Wednesday, July 21, 2010

Mr. Bunny Hill, I love You!

I'm not sure where I saw it first [on someone else's blog, undoubtedly] but in January of 2009 I fell in love. The object of my mooning was a series of free blocks by Anne Sutton of Bunny Hill Designs. She planned to dole out the patterns for the blocks, one at a time, at the beginning of each month throughout the year.

So do-able! So adorable. So sign-me-upable!

What harm could it do---one wee block per month? Speaking of blocks, I managed to block out the fact that, behind the closed door of the guest room closet, which itself was behind the closed door of the guest room, was a groaning shelf, laden with an [ahem!] unspecified number of unfinished quilt projects. What can I say? New projects hath charms....]

It was painless. The most fun was seeing the next block at the beginning of each month....Or maybe it was picking out the fabrics once I knew what the block was.....Or maybe it was the actual stitching.....To be fair, I think it was every step of the process! I bought several yards of a lovely cream fabric for the background...and nothing else. I had such fun [and made such a mess] every month, rooting through my stash for just the perfect scrap for each part of that month's design. I think Anne must have to pinch herself every day. Imagine making a living doing what you love to do----in this case playing with fabric! When I was a child, nowhere on the horizon did I see the possibility of making a career out of such fun. Which just goes to show that my imagination wasn't firing on all cylinders at the time. Of course I did love art in school, but art was associated with Beatniks and Teddy Boys and in no way to be encouraged!

But better in one's dotage than never. I finished January's block in record time. And February's.....March's.....April's...... Then there was the added incentive of posting one's finished block each month on Flickr [see sidebar], taking a bow, and handing out kudos to one's fellow stitchers as they posted theirs!

Every month I managed to keep up with the program, and every month I was loving it more. Christmas loomed and I fell a bit behind. New year came and I fell more behind. But this week I finally put all the blocks together.[Takes a deep bow...]

I had long ago decided I didn't want to do the simple sashing shown on the web site. The idea of an Irish chain setting appealed to me, so I made alternate blocks with the background fabric and a variety of yellows from my stash that would compliment, but not steal the limelight from, the applique blocks.

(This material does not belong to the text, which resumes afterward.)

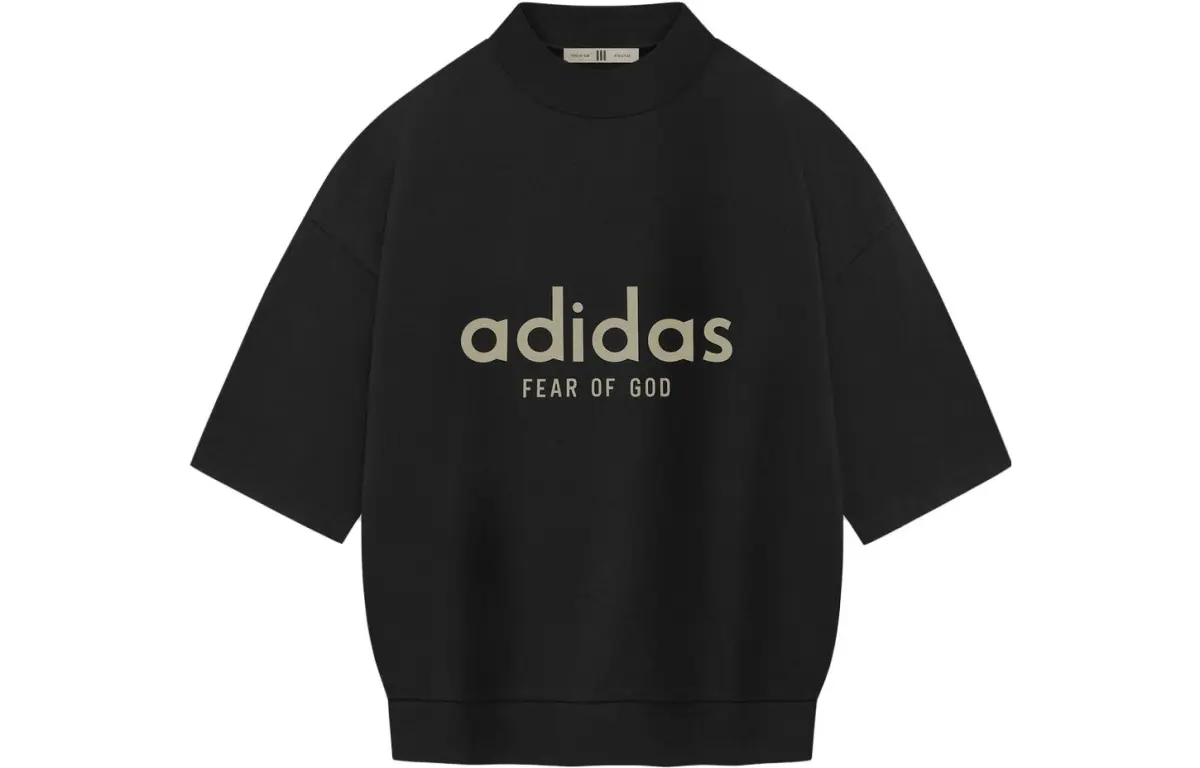 Fear of God Athletics Heavy Jersey 3/4 Mock Tee Black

The last thing to do was to put on the borders. All along I'd thought that green would be good for a narrow border, separating the blocks from the outer floral border. But when I went to the quilt shop to buy the green, had it in my hand and was heading to the cutting counter, I spied a beautiful red, all dappled with sunshine and calling my name! So much for the best laid plans.

The borders are on and the corners are mitered. The first three came out perfectly, but wouldn't you know it [I got smug? or careless?] the fourth corner did not. But I have learned it is futile to fume. Far better to unpick an inch or so, tweak a little, and restitch by hand, coaxing things into the way you want them to go.

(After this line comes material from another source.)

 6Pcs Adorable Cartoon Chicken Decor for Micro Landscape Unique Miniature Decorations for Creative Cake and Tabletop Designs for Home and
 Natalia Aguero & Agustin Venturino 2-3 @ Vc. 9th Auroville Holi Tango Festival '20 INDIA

It's close enough to perfect now.

I need a break before I tackle hand quilting it. And let's face it, after all that applique, I think it needs to be hand quilted. Sigh. Which means I might be able to hang the finished product in my sewing room five years from now.

Besides, there are ladybugs in that closet clamoring to get out......

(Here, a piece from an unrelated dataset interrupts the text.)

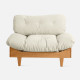 Cloud Sofa, L110 one seater, Walnut/Cherrywood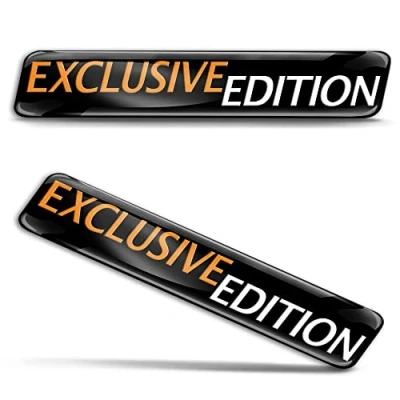 Abbildung von Biomar Labs 2 x 3D Gel Silikon Aufkleber Exclusive Edition Badge Stickers Autoaufkleber Auto Motorrad Fahrrad Fenster Tür Laptop KS 177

Pipe down in there ladybugs! I'm coming to get you!

Note: And thank you Anne Sutton....I had so much fun with this!

Saturday, July 17, 2010

The Mysterious Case Of The Body In The Pizza Box

I didn't get much rest that night. It's difficult to rest when you're involved in a murder. When the alarm went off at six a.m. it was still dark. I groaned. I don't do early risings at the best of times, but having stayed up very late the night before, I needed just a few more minutes. So I bashed the alarm and went back to sleep.

At ten past seven I bolted upright, rigid with panic. I'd been off in the land of my subconscious where the goings-on are much more interesting than those in my waking life. Trouble is, I usually can't remember them. As soon as my eyes open and the light gets in, the characters in my dreams scurry off around corners, and, try as I may, I cannot call them back.

But this time I did! It was all fresh in my mind.

I had murdered somebody.

I was very calm in this knowledge, whereas the waking me would, first of all never have done it, and secondly, if she had, would have been a mess of guilt and jitters and nerves. But no. There I was, cool as a cucumber, unencumbered by guilt or remorse, walking along in the half light, carrying a box under my arm.

I was in a place that my dream self knew well, but my conscious self does not know. It seemed to be a village. It was dark and the street was deserted. The box was made of shiny black plastic, with a hinged lid. It was flatish and rectangular, and it contained the remains of my victim. No blood, no guts, no gore, just facts. Cold, hard, dispassionate facts.

I went into a barn-like building where I met and was greeted by a man who seemed to know me. He appeared to be in a workshop of some sort. I was not alarmed to see him. But when he saw the box I was carrying he tried to take it from me, telling me it was one of his pizza boxes. [I never said this wouldn't be bizarre!] I clutched it tighter to me and refused to give it up. I knew that if he opened the box, I'd be exposed as a murderer[ess?]. Who my victim was, why I had killed her, how I killed her, and what I was planning to do with the body, were all mysteries, parts of the dream that scurried away as soon as I opened my eyes.

I have no idea what happened after that because that's when I woke, in a panic, realizing I had to be somewhere by 8 o clock and it was already ten past seven.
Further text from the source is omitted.